A BSNL Broadband Customer will need to pay, in advance, Fixed monthly charges for 18 months against the usage of 24 months. Thus BSNL will effectively offer free usage of 6 months.

A BSNL Broadband Customer will need to pay, in advance, Fixed monthly charges for 24 months against the usage of 36 months. Thus BSNL will effectively offer free usage of 1 year.

We have also learned that BSNL is planning to offer these Advance Payment Schemes from the beginning of next month i.e July 1st 2011.

These new plans will surely benefit those who do not change their Broadband plans very frequently or those who have decided to stick with a particular plan.

What do you think of BSNL's this move? Do share your opinion

BSNL Broadband to offer new Advance Rental Plans with more discount


----------



## Ishu Gupta (Jun 14, 2011)

Don't trust BSNL enough to pay for so many months in advance.


----------



## mrintech (Jun 14, 2011)

BSNL


----------



## MetalheadGautham (Jun 14, 2011)

Trouble with such offers is that by 2012-2013, everybody else would be using faster upgraded plans while BSNL can still provide crappy 2011 level speeds to those who paid in advance saying they got what they paid for


----------



## Tech.Masti (Jun 14, 2011)

one of my friend took bsnl night 500 some months ago.... advance bill of 1year..... but he got bill from bsnl of Rs.500+tax, he surprised, contacted bsnl office, now they saying nothing can be done, you have to pay the bill first.....


----------



## mitraark (Jun 14, 2011)

Tech.Masti said:


> one of my friend took bsnl night 500 some months ago.... advance bill of 1year..... but he got bill from bsnl of Rs.500+tax, he surprised, contacted bsnl office, now they saying nothing can be done, you have to pay the bill first.....



WHAT ?

This kinds of things keep happenning even though people are leaving BSNL BB .. the employees just don't care much ,  they have a secure job , they hardly listen to any complaints or such ...


----------



## ico (Jun 14, 2011)

MetalheadGautham said:


> Trouble with such offers is that by 2012-2013, everybody else would be using faster upgraded plans while BSNL can still provide crappy 2011 level speeds to those who paid in advance saying they got what they paid for


This.

Just a clever means of long-term cost cutting.


----------



## sachin_kothari (Jun 14, 2011)

reading the title i thought they have came up with some new high speed plans. but this is of no use as Gautam had explained.


----------



## deathwish (Jun 14, 2011)

Tech.Masti said:


> one of my friend took bsnl night 500 some months ago.... advance bill of 1year..... but he got bill from bsnl of Rs.500+tax, he surprised, contacted bsnl office, now they saying nothing can be done, you have to pay the bill first.....



Despite these occurrences, I feel that BSNL is better than private companies like Airtel, as their service is more responsive and decisive.
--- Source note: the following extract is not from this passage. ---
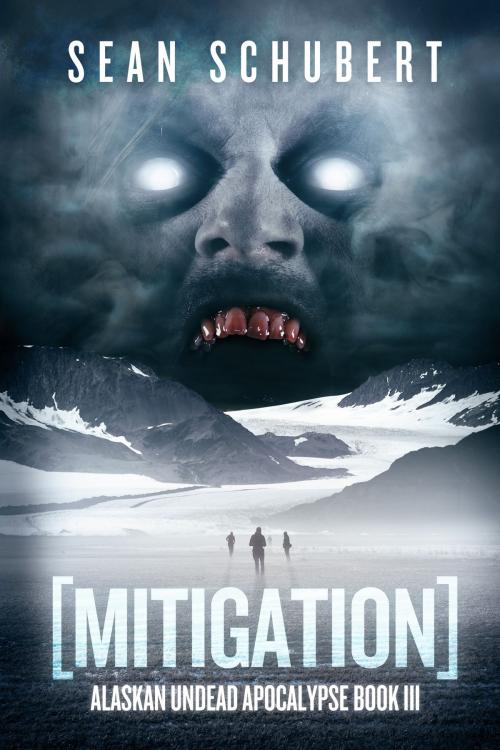 Cover of the book Mitigation (Alaskan Undead Apocalypse Book 3) by Sean Schubert, Permuted Press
I struggled for two years with my Airtel Broadband before finally switching over to BSNL.


----------



## arescool (Jun 14, 2011)

I suppose that its just that what kind of experience u had with any company , it makes ur point of view like that... 
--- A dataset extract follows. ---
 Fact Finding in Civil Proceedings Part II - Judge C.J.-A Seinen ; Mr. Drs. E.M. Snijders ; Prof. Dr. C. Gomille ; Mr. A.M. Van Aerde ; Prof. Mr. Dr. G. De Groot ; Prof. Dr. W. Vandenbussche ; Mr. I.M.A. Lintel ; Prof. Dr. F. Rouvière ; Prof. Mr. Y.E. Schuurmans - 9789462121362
First time i m hearing so many complains against BSNL..


----------



## deathwish (Jun 14, 2011)

True. It all depends on the kind of service you received while you had the connection. Some people would swear by Hathaway Broadband, just because they had good experiences with the company.



Rockstar11 said:


> We have learned from our sources that BSNL is planning to introduce “Longer duration Payment options” to its Broadband customers, irrespective of the Broadband Plan Broadband customers are using.....
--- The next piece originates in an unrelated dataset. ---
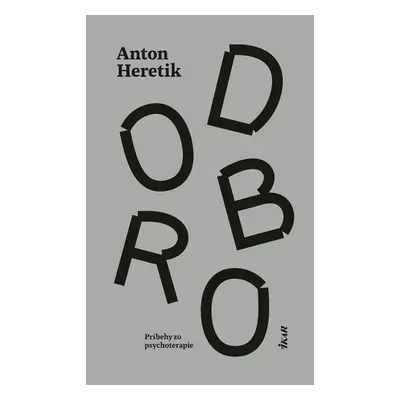 Dobro - Andrea Marsalová Heretiková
I feel that taking this plan isn't a wise option. With the increasing bandwidth being offered, websites have started loading their pages (with apps, videos. etc) in an effort to make them better and have a more user-friendly interface. They can afford to do so as they know the improving broadband speeds will not hinder the user's browsing experience.

If however you decide to go for this plan, two years later, you could require a much greater bandwidth than you are allotted. As we never know how much we might need later on, I feel that you should not restrict yourself.


----------



## sygeek (Jun 15, 2011)

Meh, they should increase their quality of service instead of worthless BS like these. BSNL doesn't have customers, it has victims.


----------



## Skud (Jun 15, 2011)

deathwish said:


> Despite these occurrences, I feel that BSNL is better than private companies like Airtel, as their service is more responsive and decisive. I struggled for two years with my Airtel Broadband before finally switching over to BSNL.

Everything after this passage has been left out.